YOUR OBJECTIVE — Every record below needs to be written out exactly, apart from the pictures.

ENTRIES SUPPLIED —
[Start of Attachment]
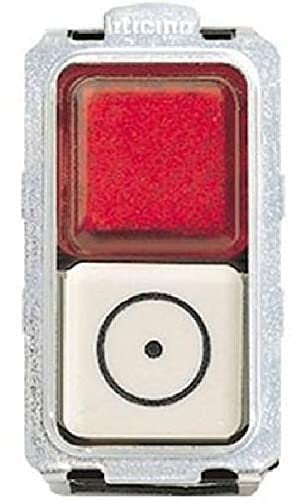 BTicino 5057R Magic Pulsante + Portalampada 24 V, Rosso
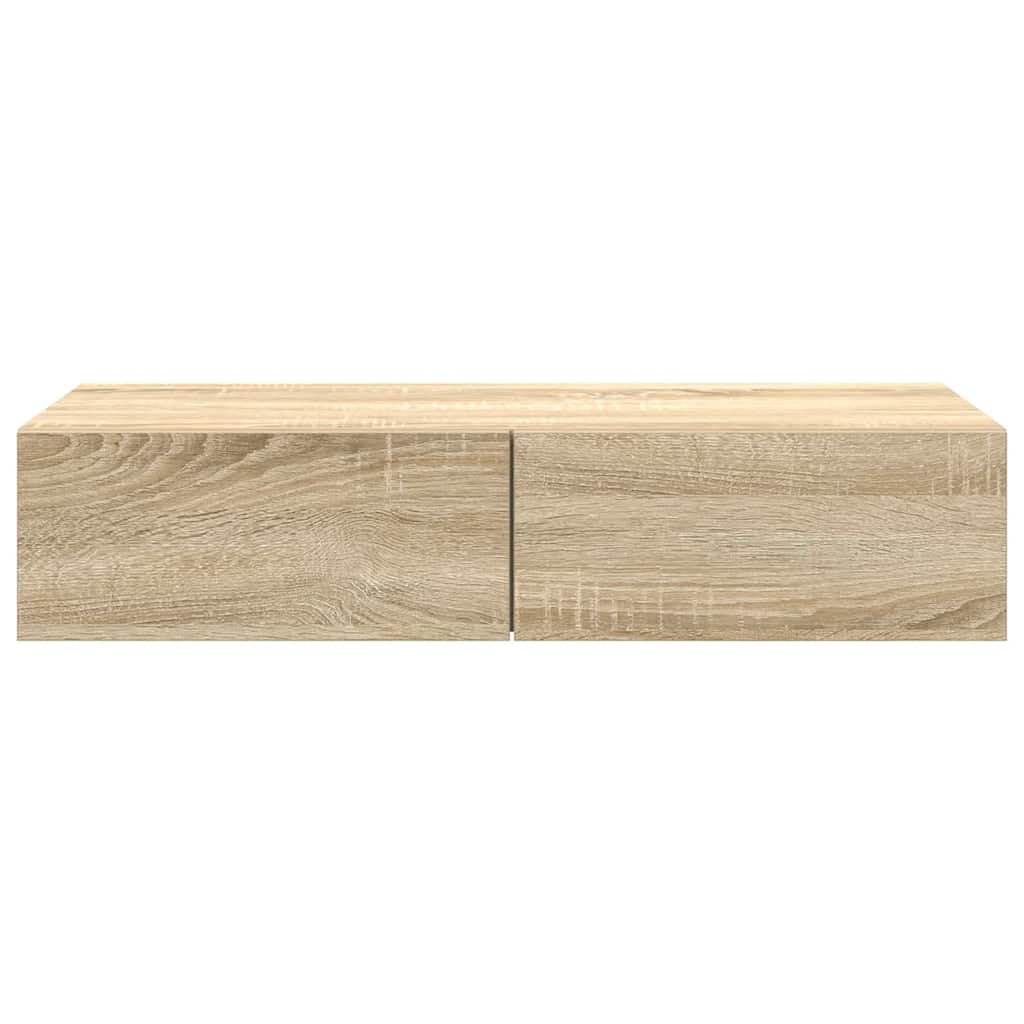 Estantería de pared con cajones, roble Sonoma, 80 x 33 x 17 cm, material de madera, estante flotante para salón, dormitorio, pasillo, moderno estante de pared, soporta hasta 60 kg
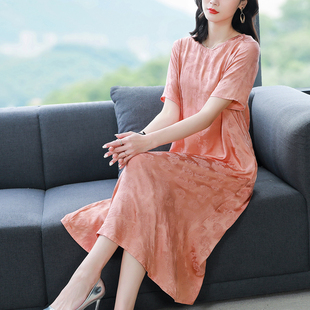 粉色连衣裙女高级感法式 高端气质遮肚铜氨丝微胖裙子 夏季 2025新款
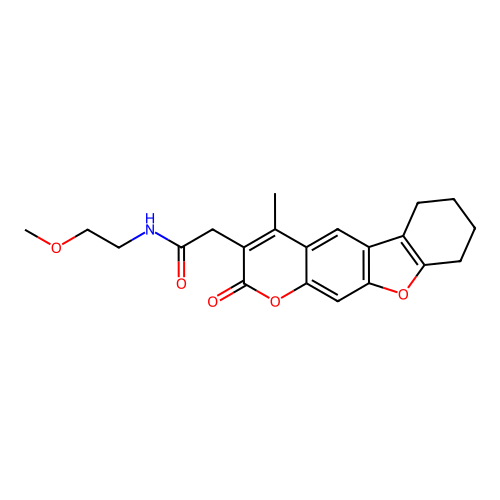 N-(2-methoxyethyl)-2-(4-methyl-2-oxo-6,7,8,9-tetrahydro-2H-benzofuro[3,2-g]chromen-3-yl)acetamide structure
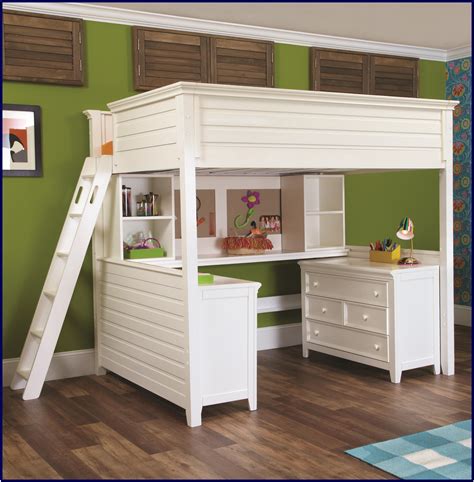 White Bunk Bed With Desk And Drawers Bedroom Home Decorating Ideas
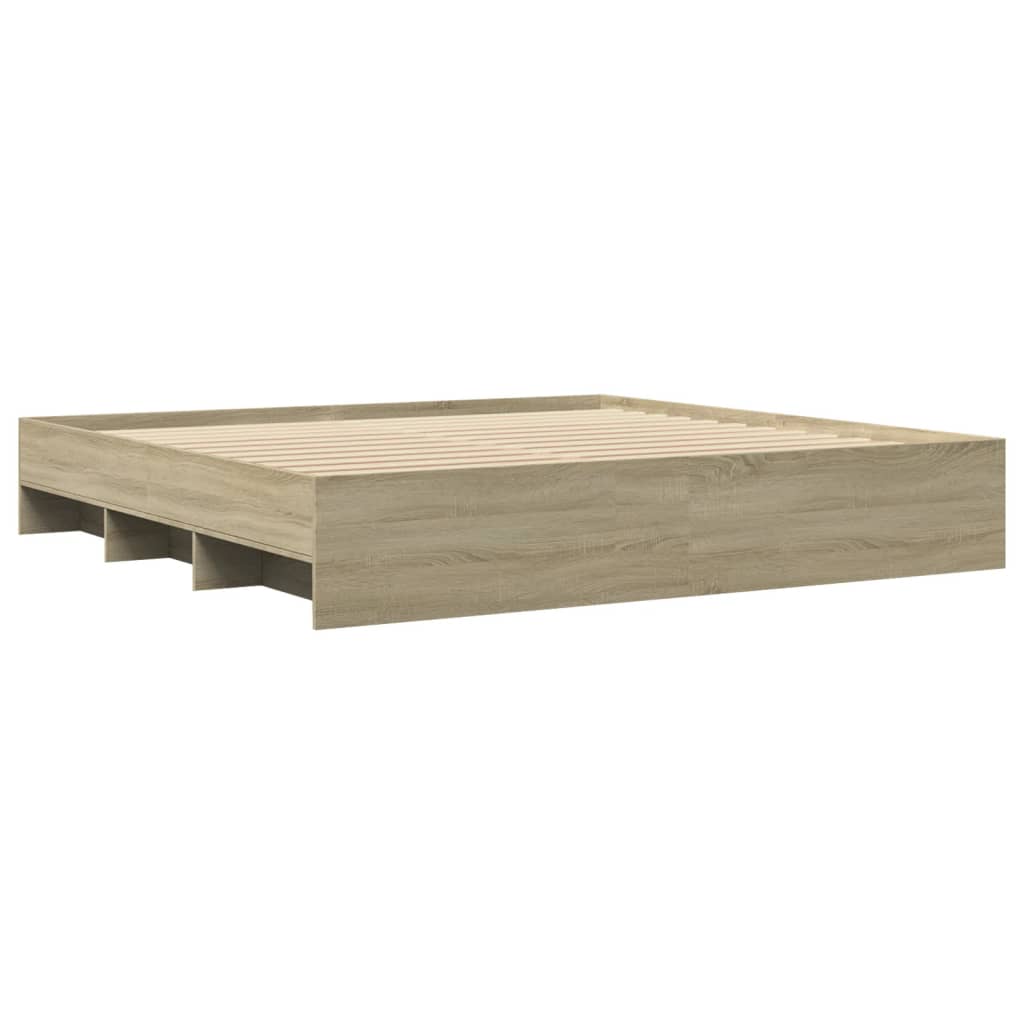 Bed Frame without Mattress Sonoma Oak 180x200 cm Super King Engineered Wood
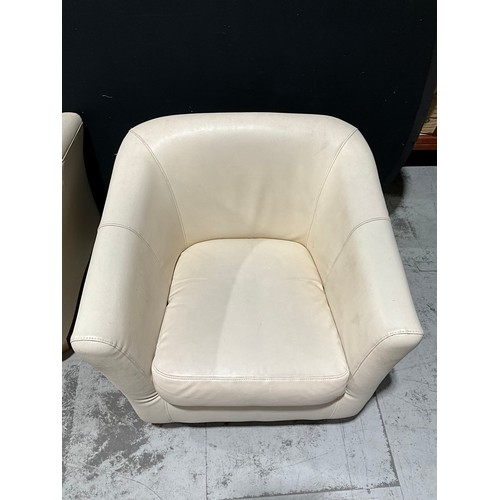 278 - PAIR OF CREAM TUB ARM CHAIRS ON SQUARE TAPERING LEGS W 30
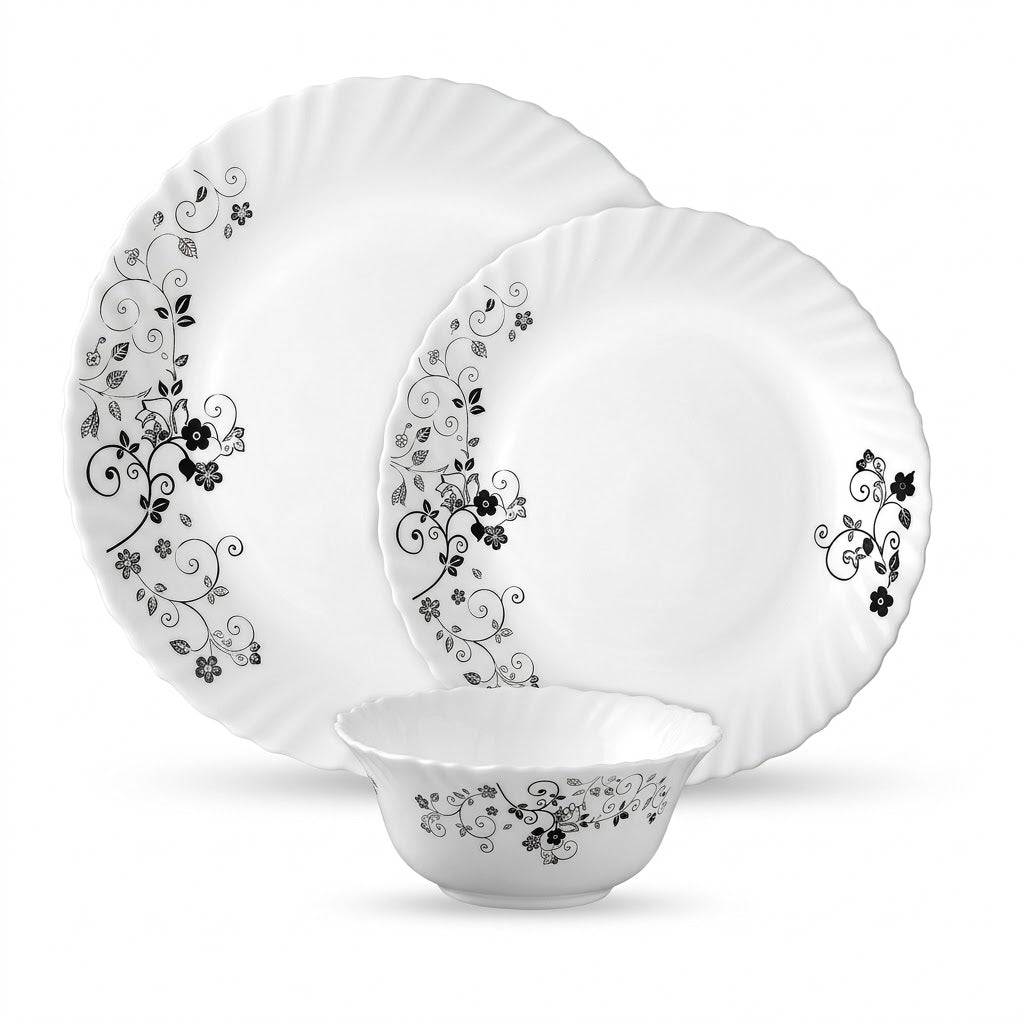 La Opala Classique Mystrio Black Opal Glass Dinner Plate - 11 Inch ( Set of 6)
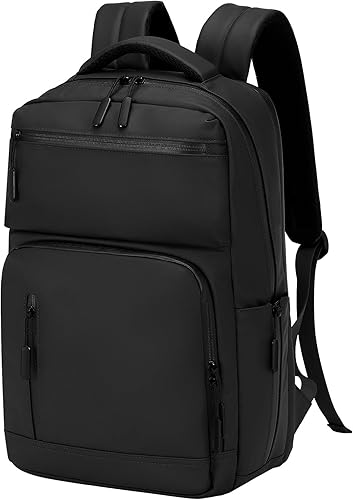 Mochila impermeable para laptop para hombres y mujeres, mochila antirrobo aprobada por vuelo con funda para laptop de 15.6 pulgadas (negro)
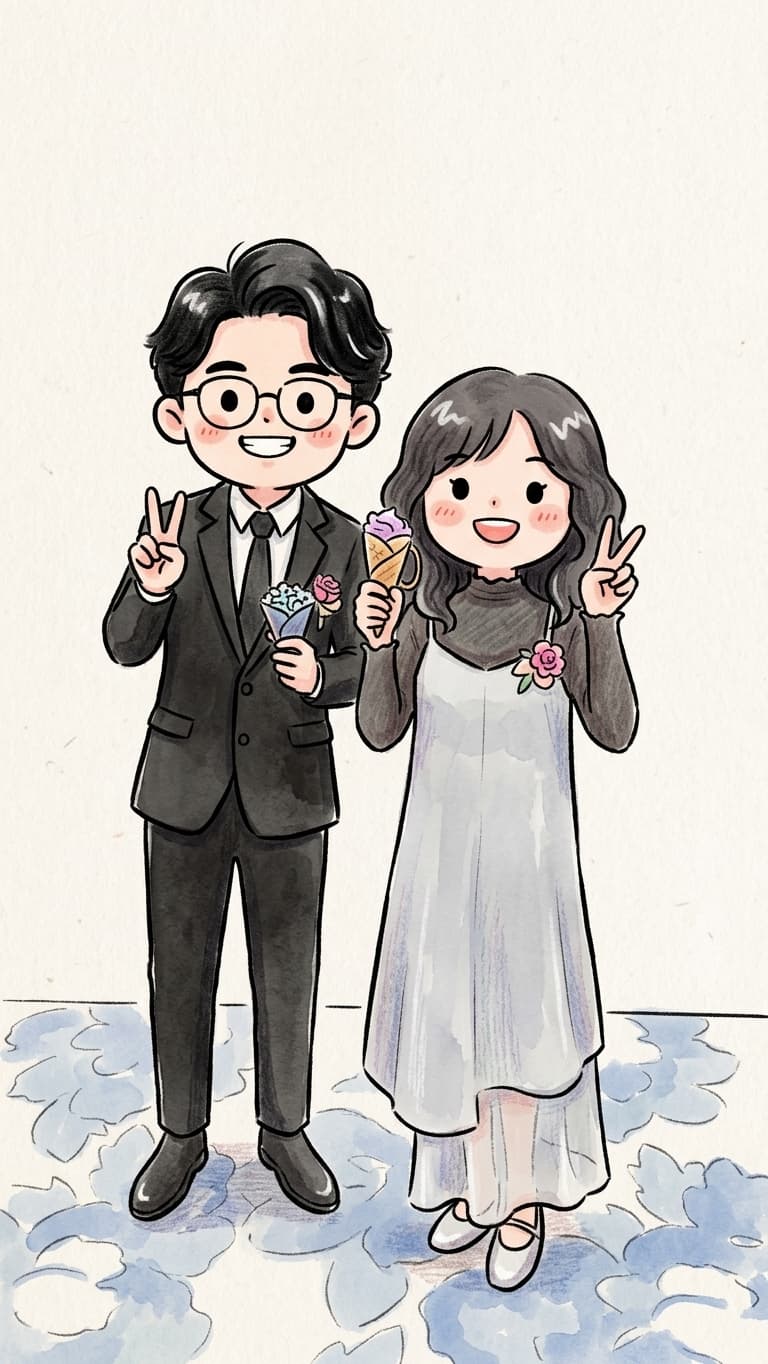 Cute chibi illustration of two guests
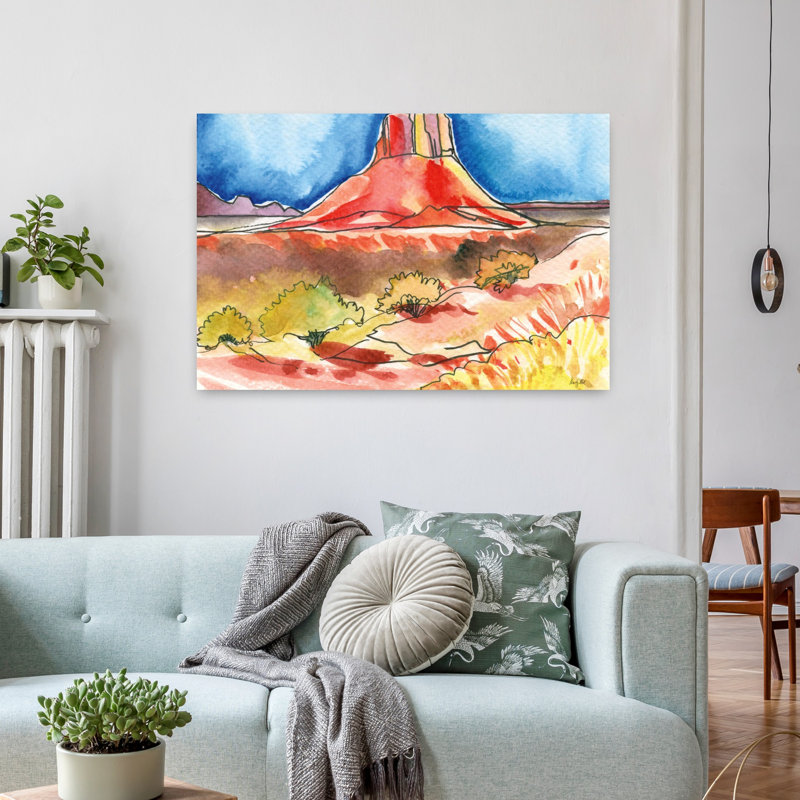 Summer Butte, paysage contemporain abstrait, art de montagne, H 36 po x l 24 po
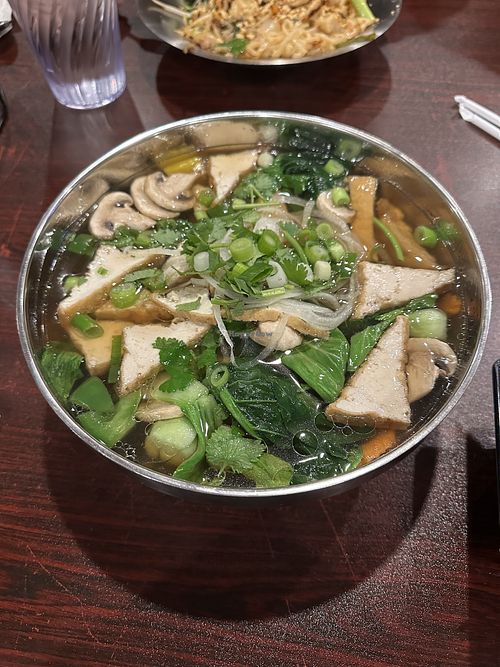 vegan XL pho ($16)   at Sizzling Kitchen in Lowell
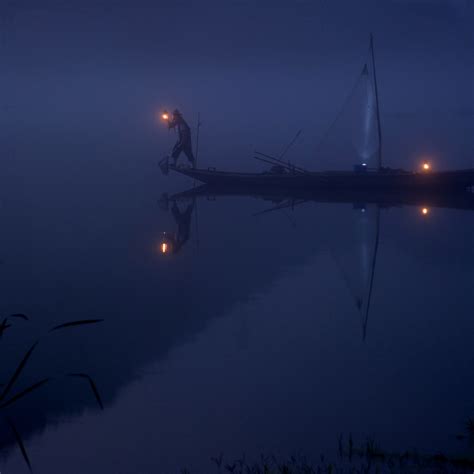 Nw86 River Night Boat Blue Nature Wallpaper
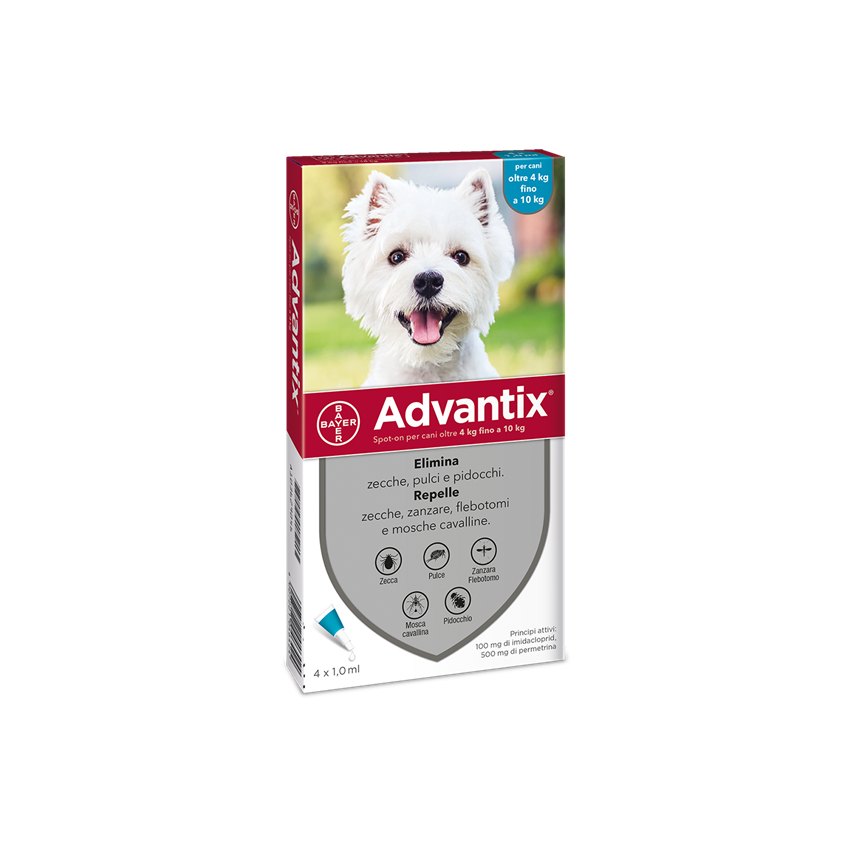 ELANCO ITALIA SpA ADVANTIX SPOT ON 4 Pipette 1 ml per Cani di Piccola Taglia da 4 kg a 10 kg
[End of Attachment]
OUTPUT —
 BTicino 5057R Magic Pulsante + Portalampada 24 V, Rosso
 Estantería de pared con cajones, roble Sonoma, 80 x 33 x 17 cm, material de madera, estante flotante para salón, dormitorio, pasillo, moderno estante de pared, soporta hasta 60 kg
 粉色连衣裙女高级感法式 高端气质遮肚铜氨丝微胖裙子 夏季 2025新款
 N-(2-methoxyethyl)-2-(4-methyl-2-oxo-6,7,8,9-tetrahydro-2H-benzofuro[3,2-g]chromen-3-yl)acetamide structure
 White Bunk Bed With Desk And Drawers Bedroom Home Decorating Ideas
 Bed Frame without Mattress Sonoma Oak 180x200 cm Super King Engineered Wood
 278 - PAIR OF CREAM TUB ARM CHAIRS ON SQUARE TAPERING LEGS W 30
 La Opala Classique Mystrio Black Opal Glass Dinner Plate - 11 Inch ( Set of 6)
 Mochila impermeable para laptop para hombres y mujeres, mochila antirrobo aprobada por vuelo con funda para laptop de 15.6 pulgadas (negro)
 Cute chibi illustration of two guests
 Summer Butte, paysage contemporain abstrait, art de montagne, H 36 po x l 24 po
 vegan XL pho ($16)   at Sizzling Kitchen in Lowell
 Nw86 River Night Boat Blue Nature Wallpaper
 ELANCO ITALIA SpA ADVANTIX SPOT ON 4 Pipette 1 ml per Cani di Piccola Taglia da 4 kg a 10 kg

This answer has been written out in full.